* REQUIRED WORK
Copy out exactly, from the entries that follow, the line holding "Vince Wool, Cashmere, &", the line holding "1861-1923 Bailey Magazine", and all lines between them, but no pictures.

* EXERCISE DATA

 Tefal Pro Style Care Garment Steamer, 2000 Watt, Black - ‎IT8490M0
==
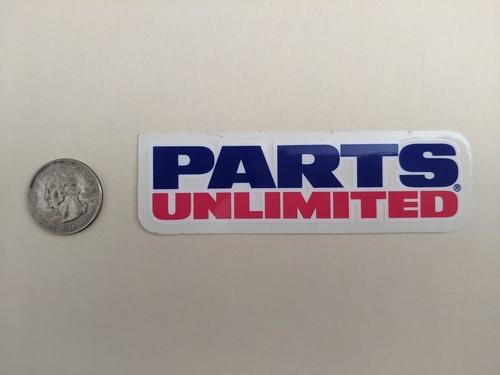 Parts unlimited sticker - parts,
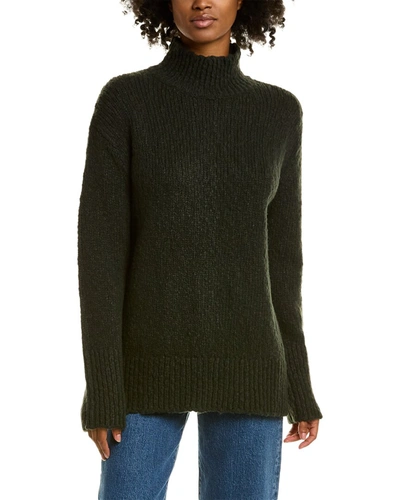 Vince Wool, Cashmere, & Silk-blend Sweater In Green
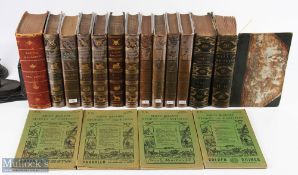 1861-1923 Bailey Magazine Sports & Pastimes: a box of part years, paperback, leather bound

* ANSWER
 Vince Wool, Cashmere, & Silk-blend Sweater In Green
 1861-1923 Bailey Magazine Sports & Pastimes: a box of part years, paperback, leather bound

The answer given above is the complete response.